From Iceland — The Pleasures of Lingua Franca

The Pleasures of Lingua Franca

Published April 8, 2005

The Pleasures of Lingua Franca

We don’t get a lot of French up here. We learn English and Danish in primary school, and in secondary school we get to choose between French or German in addition. I chose German and flunked it. Had I picked French, as many guys do because the French classes have more girls, I would no doubt have flunked that too. But German still seems a more approachable language, being more closely related to both Danish and Icelandic. And we all grew up watching the German cop show Derrick on TV.
But we don’t get a lot of French up here. So a lot of great French 20th Century Music has passed us by. Or come to us through English. I stumbled upon one of my current favourites, Jacques Brel, through listening to David Bowie perform his songs “My Death” and “Port of Amsterdam” in English. I have since sought out other English language translations by Scott Walker and Rod McKuen. There’s even a version of “If You Go Away” by Icelandic songstress Emiliana Torrini. Again, of course, in English.

Getting within Inches of Piaf
But now the theatre is skipping the middle man and translating some of the French greats directly to Icelandic. Last spring, the theatre group “The Theatre on the Scene” staged a production based on the poetry of Jacques Prévert, some of it in French, some of it in Icelandic, but the title ironically in English. The album is still available in record stores.

The Icelandic translations of are by a man named Sigurður Pálsson, who translated Prévert’s poetry collection Paroles in 1987. Pálsson studied at Sorbonne and was president of Alliance Française in the late 70’s. He has translated numerous other works from French and has written plays of his own. His latest work is a play on the life of Edith Piaf, which premiered last spring at the National Theatre and has been playing for a full house ever since.

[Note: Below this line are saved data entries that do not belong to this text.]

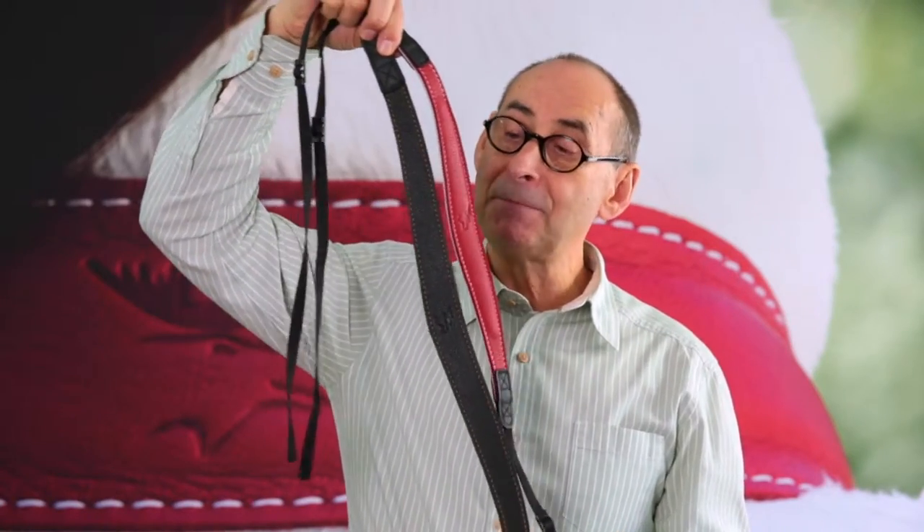In contrast to the classic cushioned Edicam straps, the 35mm model has a much longer leather surface, more flexibility, and a completely different look due to the absence of the cushion.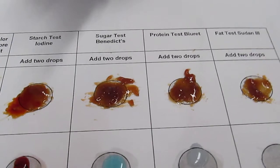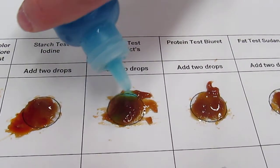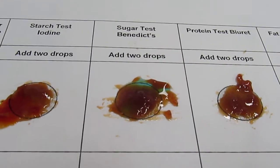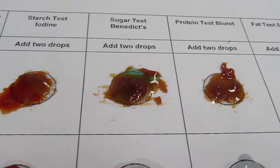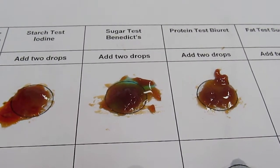Who's got the Benedict's? So the Benedict's is what color to start with? It's like this. I don't know if that's because of the color behind it or not, but it seems to be changing color a little bit — it's kind of green right there. So if it went from blue to green, what does that mean? It has sugar. It has sugar, okay.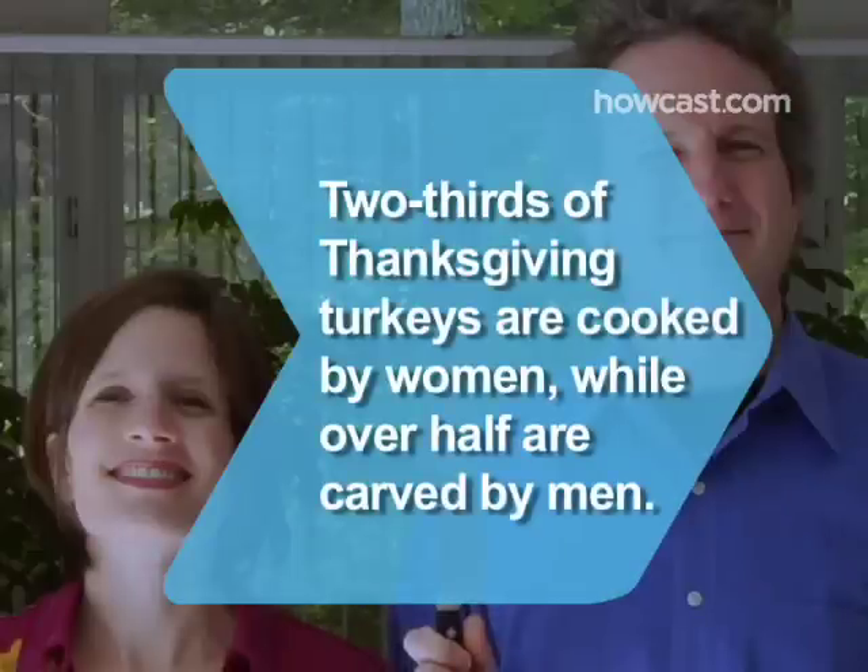Did you know? According to a recent study, two thirds of Thanksgiving turkeys are cooked by women, while more than half are carved by men.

Again, the lyrics are partly in French and partly in Icelandic. Thanks to leading lady Brynhildur Guðjónsdóttir, you can come within inches of the French songstress’s delivery, and for those of us better versed in Icelandic than French, get the lyrics as well. It’s about time we got to appreciate one of the great voices of the 20th Century up here. But what is she singing about?

Love Everlasting
Born in the midst of World War 1 onto a policeman’s coat outside of a house in Paris’ poor quarter and raised in a brothel, Edith always sang as if her life depended on it because by and large it did.

The album starts with the French language La vie en rose, before moving onto Icelandic with L’accordéoniste, The Accordion Player. Deciphered, it is about the sheer love of music, intertwined the love of a man, the accordion player who is sent off to war, leaving her all alone.

But the song is not about love everlasting, this is not music for teenagers on the make. Who can believe in love that lasts forever anyway but those who are new to it? As soon as her man is gone she finds another who can do the things that he did, and she is once again lost in song. Nothing lasts forever, it is all in the moment.

Love All-Consuming
The next song, Marguerite Monnot, Love Psalm, is in both French and Icelandic. This time, the subject is love, all-consuming. Written by Edith herself, it details the sacrifices a woman is willing to make for love. Like most poets, she offers the moon to her lover if but only she could. That’s of course an empty promise, but in the next verse she promises not to care if people laugh at her for being with him, a much more potent expression of love as it deals with real sacrifice.

On the next track she does battle with the faceless masses again. Performed solely in Icelandic, La foule (The Crowd), details being swept through a maddening crowd and into the arms of a stranger, before the crowd sweeps her away again. People go from being strangers to being soul mates to being strangers again, and you can never clasp them close enough, at least not for more than a moment.

Milord is again in Icelandic and French. A girl from the harbour area sees a man in
love and then proposes to comfort him as the lover leaves. Touchingly, she speaks of what he has lost. Has rebound ever been better proposed?

Love Gone Away
But the moment will not, can not last, and in Mon dieu she offers a prayer to God himself for just a little more time. But the prayer goes unanswered, the years pass by, and you’re left with nothing but the memories and the pain, expressed in Padam
Padam. A voice “whispers of youth and love/ And threatens; now you must suffer,” to the simpleton who once believed. La ville inconnue (In a Foreign City) continues the theme of loneliness, but here it is unrelenting, there is not even so much as a moment to live for. Finally, we reach some sort of acceptance, with Non, je ne regrette rien (I Don’t Regret a Thing). But the acceptance is not found in comforting herself with the memories, for what good are memories of things that have gone away? No, she banishes those memories to begin anew.

For those who want to renew the memories of one of the greats of the 20th Century, the play Edith Piaf is being performed in the National Theatre and the album is available in 12 Tónar record store on Skólavörðustígur 15.